Jeremy Leach, managing director of MPL, which has an FSA-approved subsidiary, said: “IFAs need to understand a great deal about a lot of different products.
“The product provider should share that accountability with the IFA. We should be accountable for the information we give advisers, who should then assess suitability and pass it on to clients. It must be a positive for the provider to be authorised by the IFA. There is an enormous accountability for the information we provide IFAs, much more than if we weren’t accountable to the FSA.”
Leach said that, according to MPL’s own analysis, it was the only one of six TLP providers distributing in the UK which used a regulated subsidiary.
MPL, whose funds are Cayman-domiciled, said it had recently sponsored a debate with IFAs in which participants agreed that a “‘good’ TLP fund should be sold via a UK-regulated promoter, have an investment process that uses the right actuarial analysis of the underlying policies, that invests in a diverse range of policies to control risk and maintains a diligent control on liquidity and currency risk.”

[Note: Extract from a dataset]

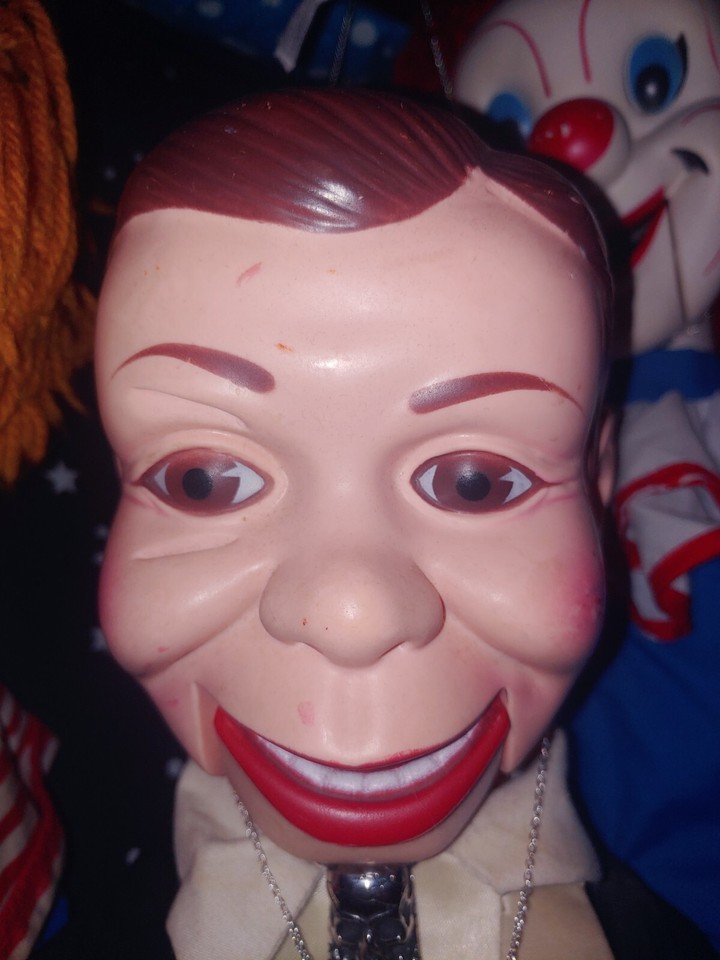 Check Out This Demonic Ventriloquist Haunted Doll Very Active Phantoms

MPL did not name the rival TLP providers it alleges are promoting their funds without using a directly regulated promoter.
Russell Golledge, an IFA with Essex-based Crystal Financial Management who took part in the discussion, said: “Recommending TLP funds is a minefield as they’re classed as unregulated. Working with a provider who is working with the FSA gives us comfort in that they are digging through the legislation like we are.
“Clients demand that we do due diligence. Investors like to see that we’re not just picking up any fund, especially an unregulated fund. We look for good names behind the fund, a good accountant, actuary, auditor, etc to ensure due diligence is being done.”